The floods come less than 18 months after Australia was gripped by a bushfire crisis, with many of the same towns impacted.
Some 10 million Australians remain under a weather warning on Monday night as a group of colliding weather systems cause flooding chaos across swathes of New South Wales, leading to dozens of communities being declared disaster zones and forcing more than 18,000 people to evacuate from their homes.
More than 800mm of rain has fallen in less than a week in some parts of the Australian state, leaving a trail of destruction which stretched from the densely populated suburbs of western Sydney to the sleepy coastal towns of Taree and Kempsey, hundreds of kilometres away on the NSW mid-north coast.
As night fell on Monday, authorities in the state issued a flurry of new flood and evacuation warnings, as rivers west of Sydney rose faster than expected, emphasising the danger had far from passed.
The NSW premier, Gladys Berejiklian, described it as a “miracle” that no lives had been lost, but with another 50-100mm expected to fall across pasts of the east coast again on Tuesday, and river levels still rising, thousands of Australians remained on high-alert.

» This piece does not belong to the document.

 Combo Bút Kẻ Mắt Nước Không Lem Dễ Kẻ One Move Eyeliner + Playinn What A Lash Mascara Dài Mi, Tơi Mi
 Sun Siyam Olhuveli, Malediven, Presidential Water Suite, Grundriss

The extent of the deluge shocked experts. Justin Robinson, a flooding forecaster for the Bureau of Meteorology, Australia’s weather agency, said it was the “worst flooding that I have experienced and I have had to forecast” in 20 years in the job. Berejiklian said the floods were “an event which far exceeds what has occurred in the past 50 or 60 years”.
The floods come less than 18 months after Australia was gripped by a bushfire crisis which saw towns levelled and dozens killed. Many of the places which have found themselves inundated by a record downfall were still recovering from that disaster.
“Some communities battered by the bushfires are now being battered by the floods, and deep drought prior to that,” Berejiklian said on Monday.
“I don’t know any time in the state’s history where we have had these extreme weather conditions in such quick succession [and] in the middle of a pandemic.”
In the town of Windsor, which sits on the banks of the Hawkesbury River on Sydney’s north-west fringe, volunteers filled sandbags for nervous residents hoping to protect their homes.
One of them, Alistair Dent, a Windsor local, said the men – who were mostly members of a local church – had stayed up throughout the night on Sunday and into Monday morning handing out some 150 tonnes of sand.
“I had a lady crying on my shoulder yesterday afternoon. I think people are quite worried,” he said.
In nearby Pitt Town, Aaron Schultz pointed out the places where his shed, stables and water tank used to be, while he prepared his property before evacuating. All of it had been submerged by Monday afternoon, and the speed at which the water rose during the day had convinced him he needed to leave.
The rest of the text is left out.